L’interrogation principale, concernant nombre de diplômes post-bac, se porte sur les formations dites « transversales ». « Nos interrogations portent essentiellement sur la prise en compte de la spécificité de l’offre de formation des universités, ajoute la CPU. En effet à côté de formations « cœur de métier » bien identifiées, un grand nombre d’apprentis sont en formation par apprentissage sur des compétences transversales, se préparent à intégrer des postes dans des fonctions support si importantes pour le développement et la sécurisation des entreprises. » « Comment chaque branche va-t-elle définir le coût au contrat pour les diplômes interprofessionnels ? se demande également Lionel Prud’homme, directeur de l’IGS RH. Je ne peux pas imaginer que le Gouvernement ne prenne pas en compte la spécificité de ces diplômes. » Une préoccupation forte également de la chambre de commerce Paris Île-de-France : « Si on suit la logique de coût au contrat défini par une branche professionnelle, et dépendant non du diplôme préparé mais de la branche dont dépend l’entreprise qui accueille l’apprenti, on risque de se retrouver avec jusqu’à quinze coûts différents pour une même formation », s’inquiète Didier Kling. Un décret à venir devrait clarifier cette zone d’ombre de la réforme. En attendant, il se murmure, dans certains cénacles patronaux que le futur Opco PEPS (l’opérateur de compétences de l’artisanat) pourrait être en charge du financement de ces contrats interpros.

Apprentissage à deux vitesses ?

À travers ces inquiétudes, on décèle finalement un enjeu sociétal, vieux (presque) comme le système de formation français… L’idée qu’il y aurait un système de formation à deux vitesses, l’un qui concernerait les bas niveaux de qualification, dans des CFA « métiers » qui peineraient à recruter, et l’autre des établissements d’enseignement supérieur, en particulier les grandes écoles qui auraient trouvé par l’apprentissage un autre moyen de former les « élites ». Ce dont se défendent avec véhémence les intéressés. « Derrière le terme “grandes écoles” on associe couramment des établissements les plus prestigieux tels qu’HEC ou Polytechnique, souligne Anne-Marie Wack. Or, il y en a de toutes tailles, de tous statuts avec des moyens très divers. Et la voie de l’apprentissage, qui représente aujourd’hui 15 % des diplômés des grandes écoles, permet justement à des jeunes aux revenus familiaux modestes d’accéder aux bancs d’établissements qui leur semblent plus difficilement accessibles par la voie classique. L’origine sociale des étudiants est plus diverse dans les cursus en apprentissage que dans la voie classique. Il y a ainsi deux fois plus d’élèves dont l’un des parents appartient à la catégorie ouvriers dans la première voie que dans la seconde. »
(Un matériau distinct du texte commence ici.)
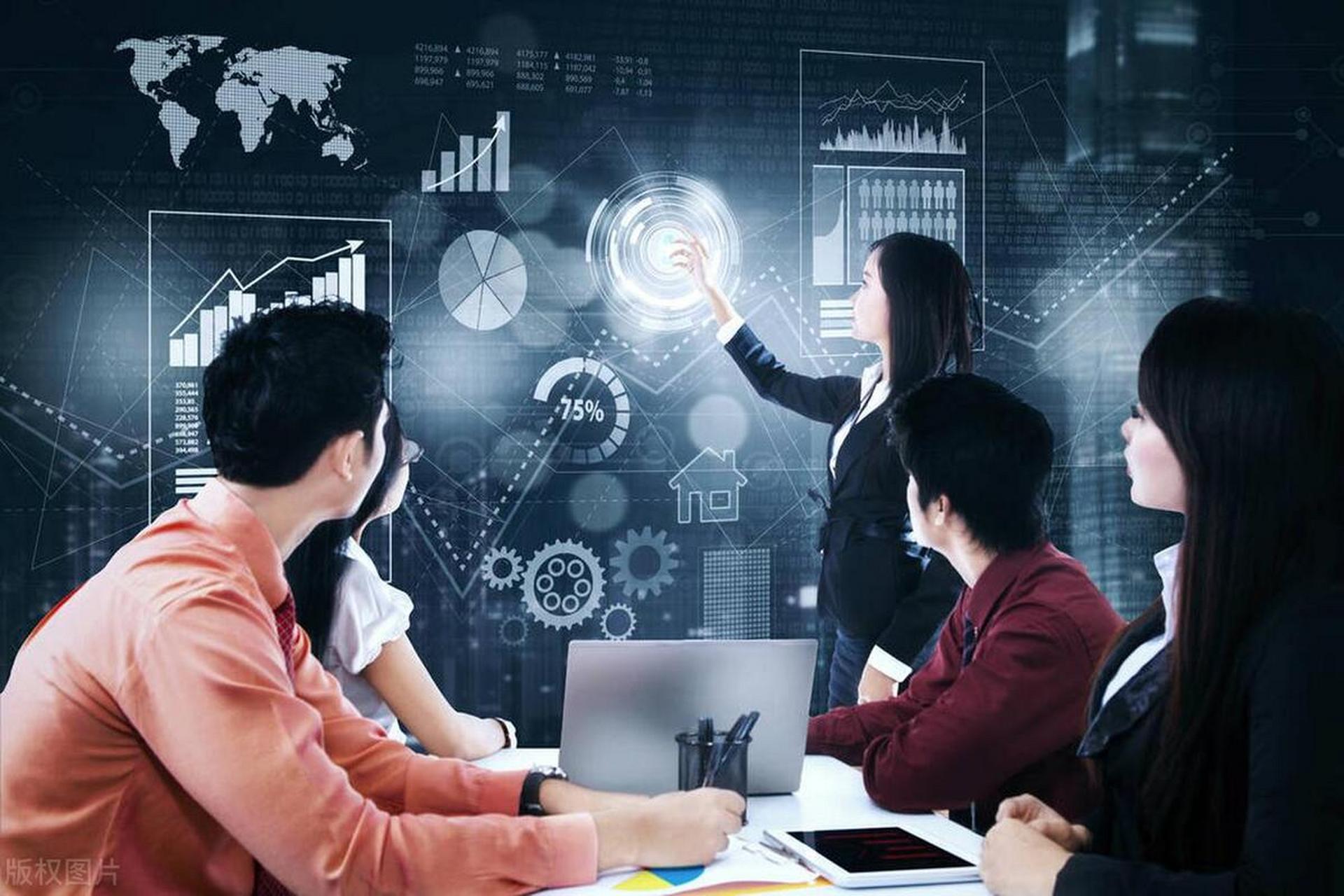 大学提供良好的学术氛围,师资力量和人际关系,而专业则影响就业前景和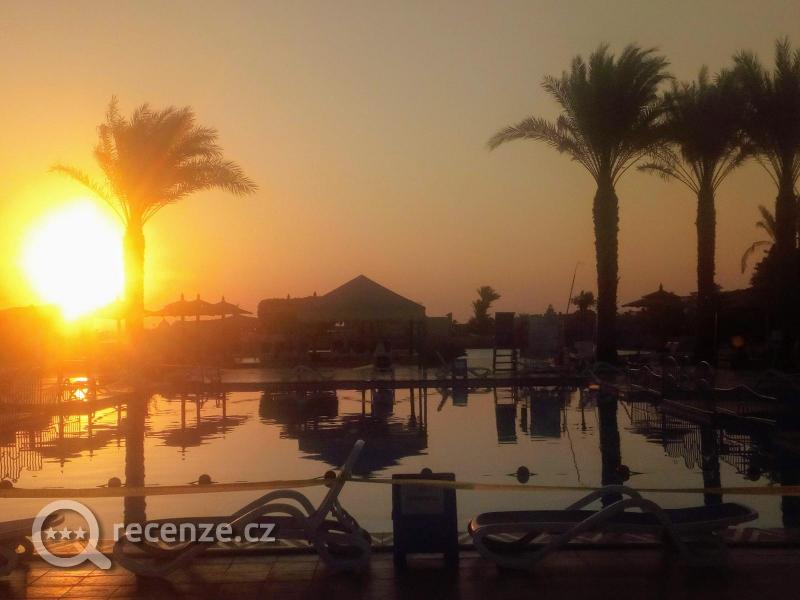východ slunce a hotelový bazén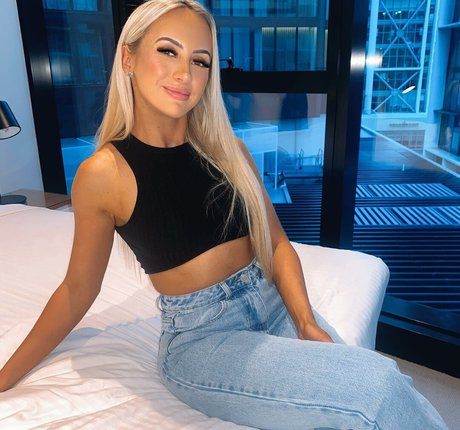 centerfold onlyfans pornos photo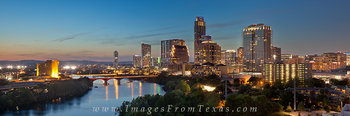 Pano - Lady Bird Lake from the Milago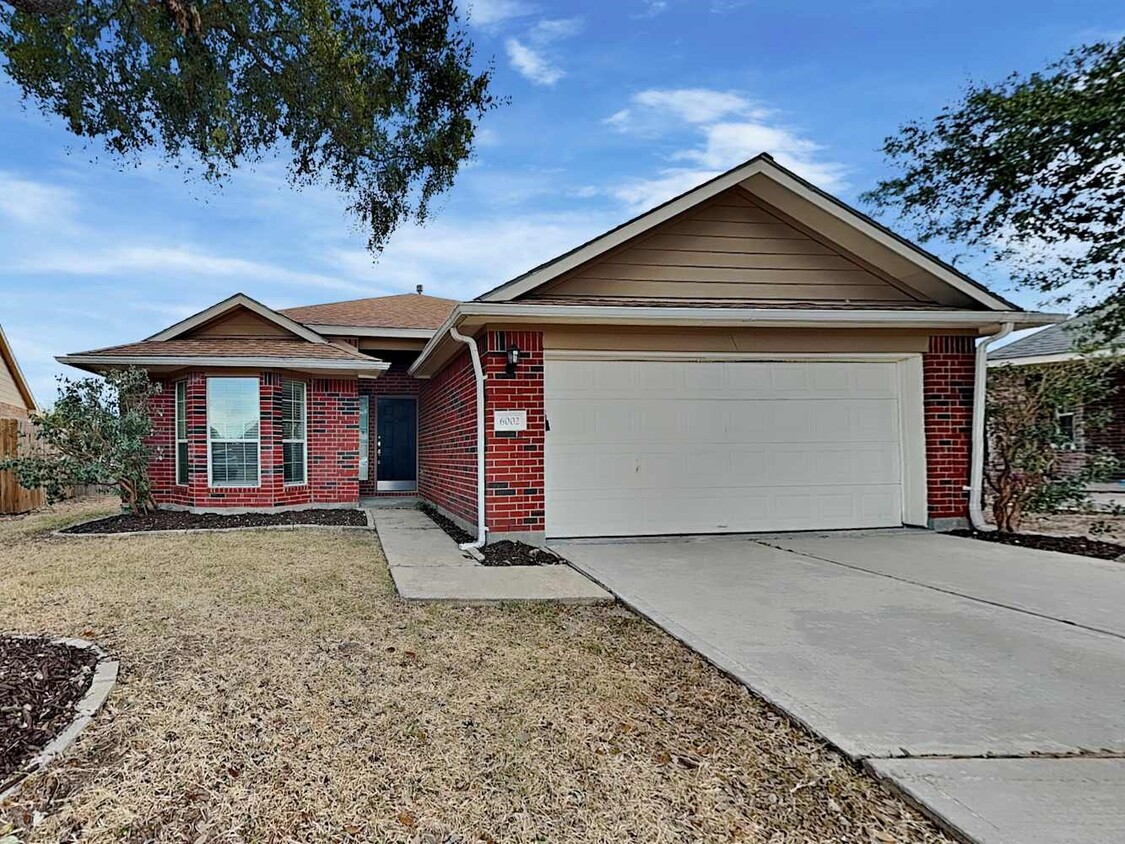 Primary Photo - 6002 Lone Prairie Way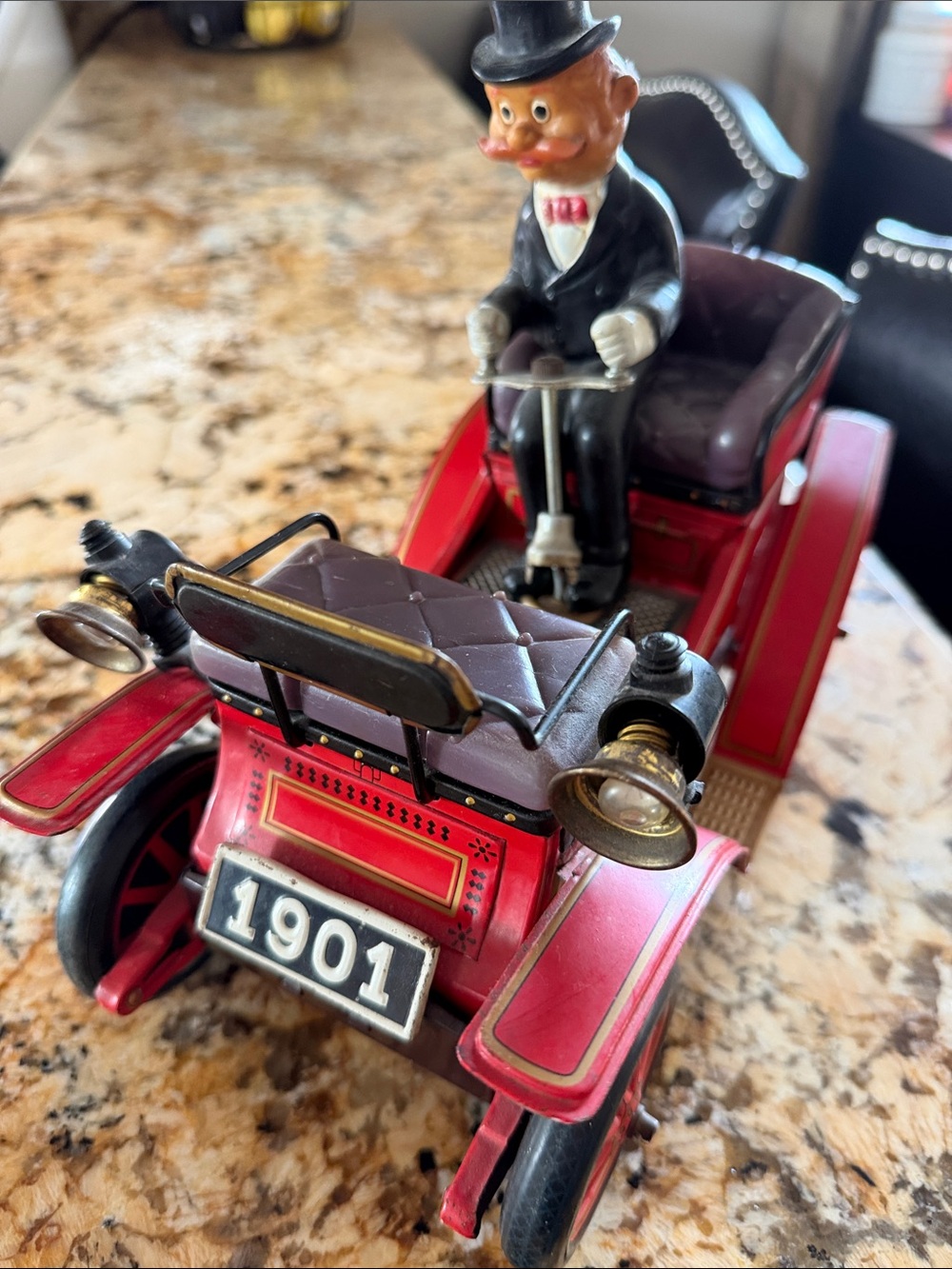Rare Vintage 1950s/1960s Japanese Tin Lithograph 1901 Mystery Car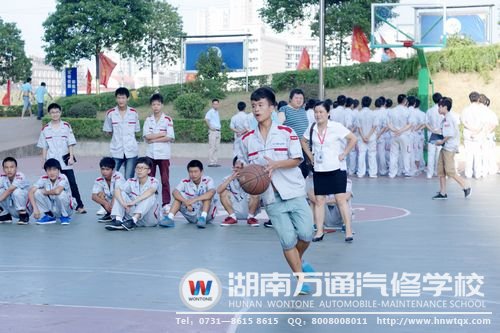 在晨訓(xùn)的課堂上，學(xué)子們既可以做游戲，又能投籃，一展運動風(fēng)采！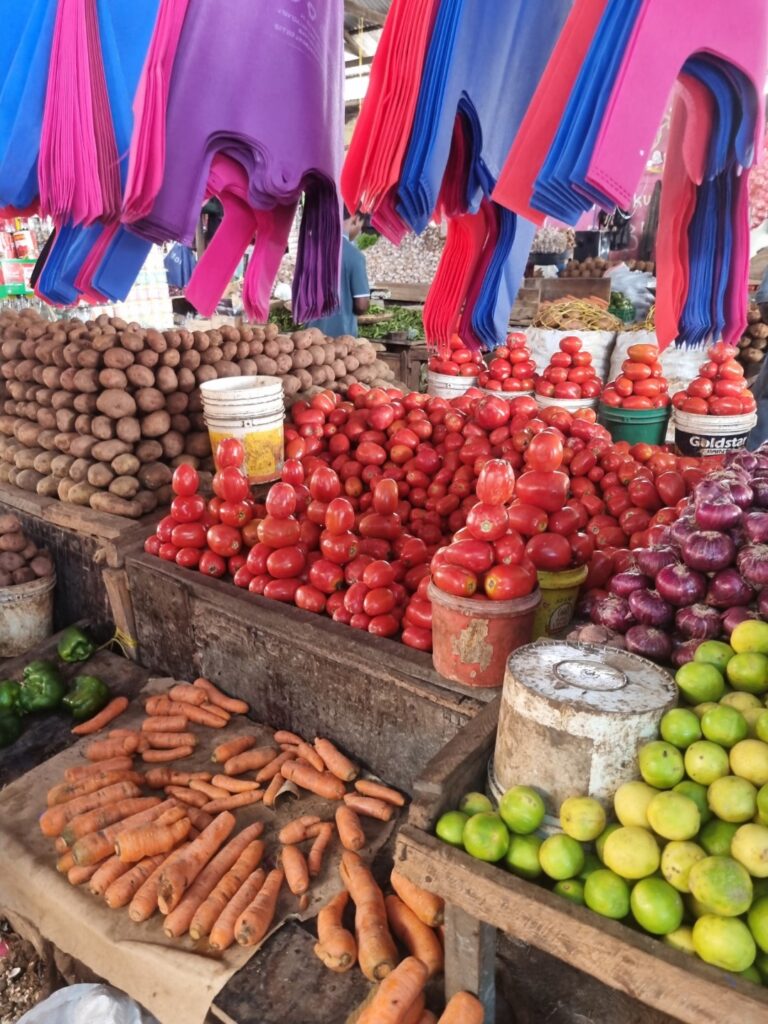 Lokaler Marktstand mit Gemüse und Obst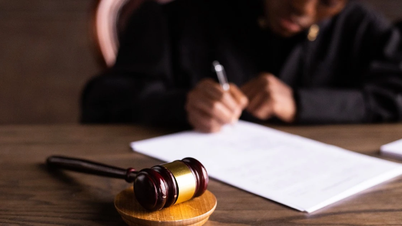 Stärkung der strikten Durchsetzung des Verwaltungsverfahrensrechts und der Vollstreckung von Verwaltungsurteilen.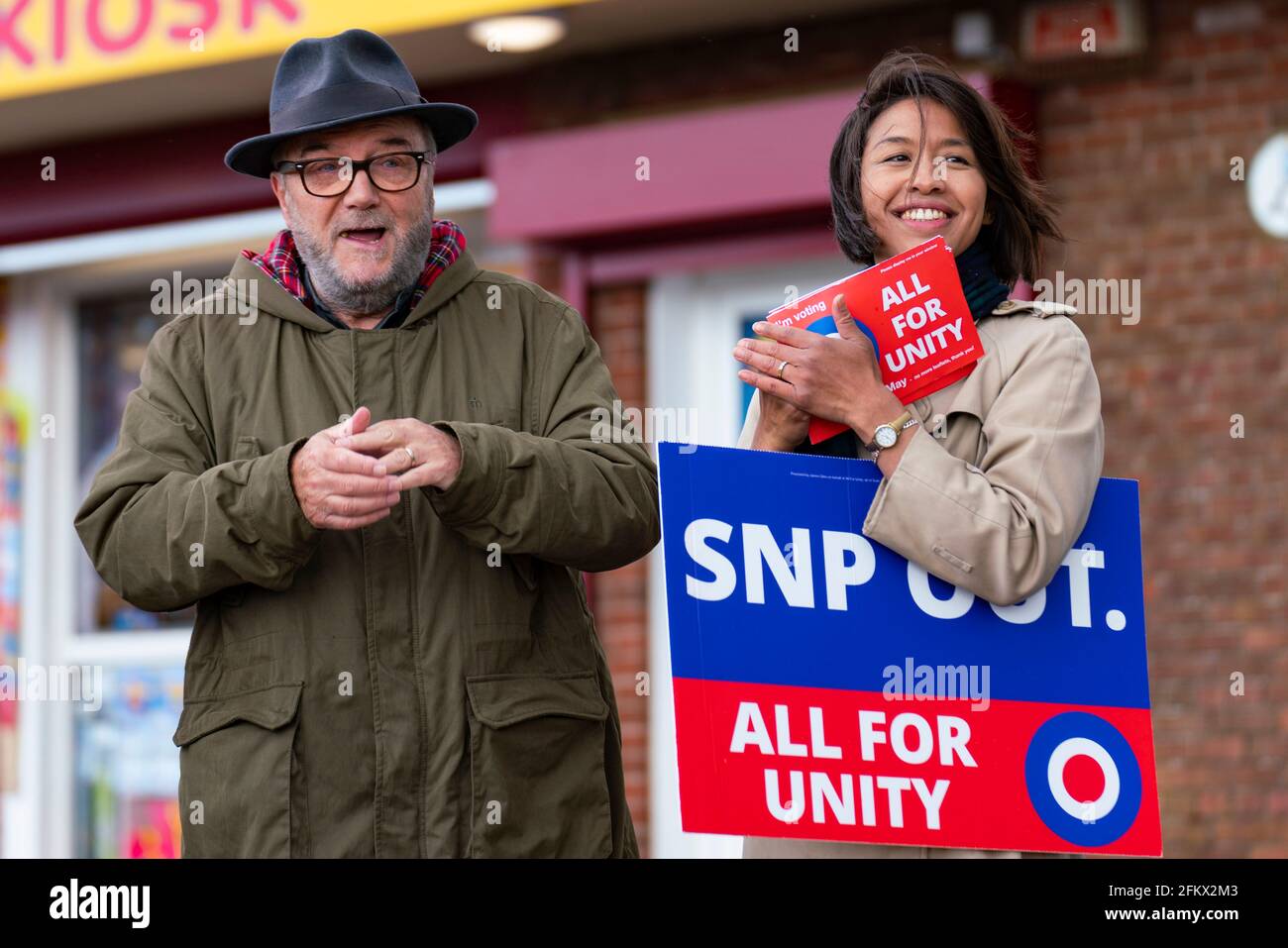 Troon, Écosse, Royaume-Uni. 4 mai 2021. Fondateur de pro Union All for Unity Party George Galloway campagnes sur la promenade de la plage à Troon dans Ayrshire. Galloway a fait un discours en direct et a rencontré des partisans et des membres du public. Il a déjeuné de Fish and chips au restaurant à emporter Wee Hurrie, à côté du port de Troon. Photo GeorgeGalloway. Et femme Putri Gayatri Pertiw. Iain Masterton/Alay Live News Banque D'Images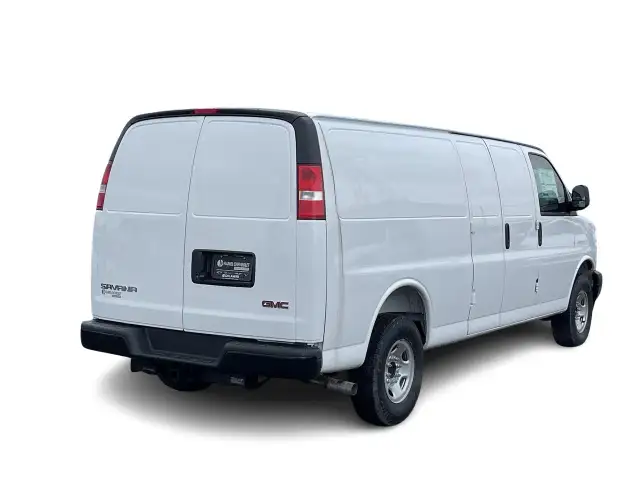 2025 GMC Savana Cargo 2500 WT 155 in Cars & Trucks in City of Montréal - Image 15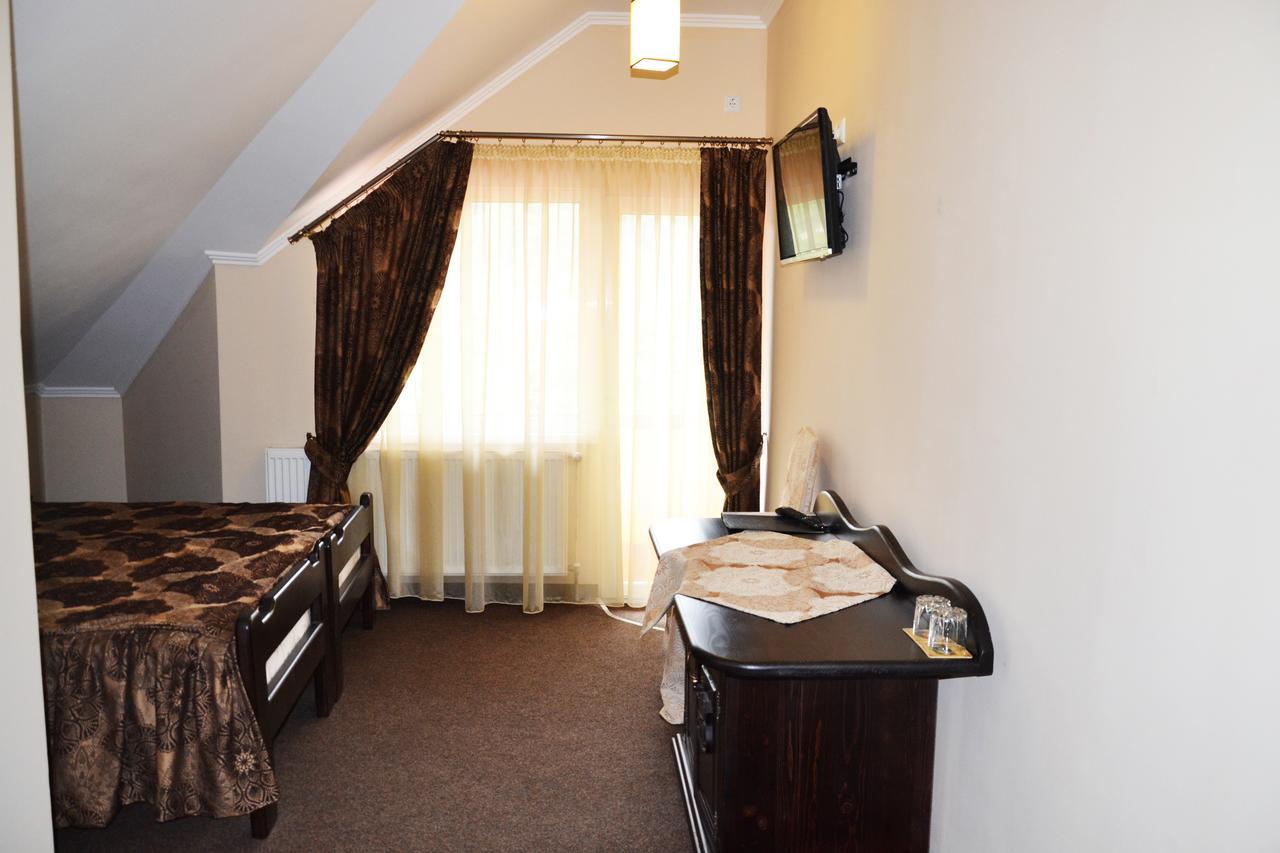 Golden Palace Дубовое Экстерьер фото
Enfin, autre mesure allant dans le sens d’un fléchage des aides vers les niveaux infra-bac, la requalification de l’aide aux PME employant des apprentis. Depuis la loi de 2014, le crédit d’impôt apprentissage était accessible aux employeurs recrutant des apprentis jusqu’au niveau Bac + 2 (et auparavant, les aides allaient jusqu’au Bac + 5). Désormais, l’aide unique aux employeurs de moins de 250 salariés concerne ceux qui intègrent des apprentis préparant un diplôme équivalent au plus au Bac. Le fait de privilégier le développement de l’apprentissage vers les formations accueillant des jeunes au niveau « infra-bacs » va-t-il convaincre des entreprises qui y recourent peu ou pas ? « Celui qui a besoin d’un ingénieur ne va pas prendre un plombier », ironise un observateur. Près de 40 % des diplômés des grandes écoles s’insérant dans les PME, la mesure aura-t-elle des impacts sur le taux d’apprentis dans les plus petites entreprises ? Certains le craignent, d’autant que les plus grandes auront – peut-être – les moyens d’investir pour compléter le manque à gagner prévisible engendré par la réforme.

Plus de 150 000 apprentis dans le supérieur

En 2016, 152 500 jeunes ont suivi une formation du supérieur en apprentissage (+ 5,9 % par rapport à 2015). Le niveau III (Bac + 2) représente la moitié des apprentis du supérieur, le niveau II (Bac + 3) 17,5 % et le niveau I (supérieur à Bac + 3) 32,5 %. En 2016, la progression a concerné de manière plus forte ces deux derniers niveaux (respectivement + 7,9 % pour le niveau II et 7,6 % pour le niveau I).

Source : Ministère de l’Éducation, 2018.